- _About this exercise_:
The line containing "(65) Pc William Rogers Silverware & Case" and every line after it, through the end of the material: copy these exactly and nothing else, leaving pictures out.

- _Data below_:

= = = = = = =

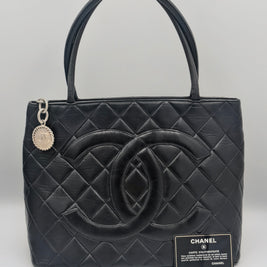 Sac Chanel Cabas Tote Médaillon noir matelassé vue principale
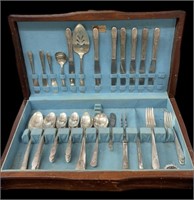 (65) Pc William Rogers Silverware & Case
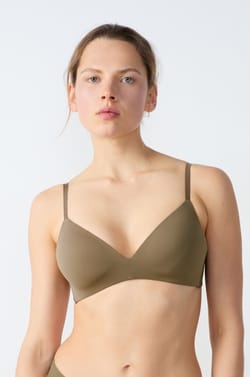 BH mit leichten Schalen ohne Bügel aus Mikrofaser;${refinementColor}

= = = = = = =

- _Response_:
 (65) Pc William Rogers Silverware & Case
 BH mit leichten Schalen ohne Bügel aus Mikrofaser;${refinementColor}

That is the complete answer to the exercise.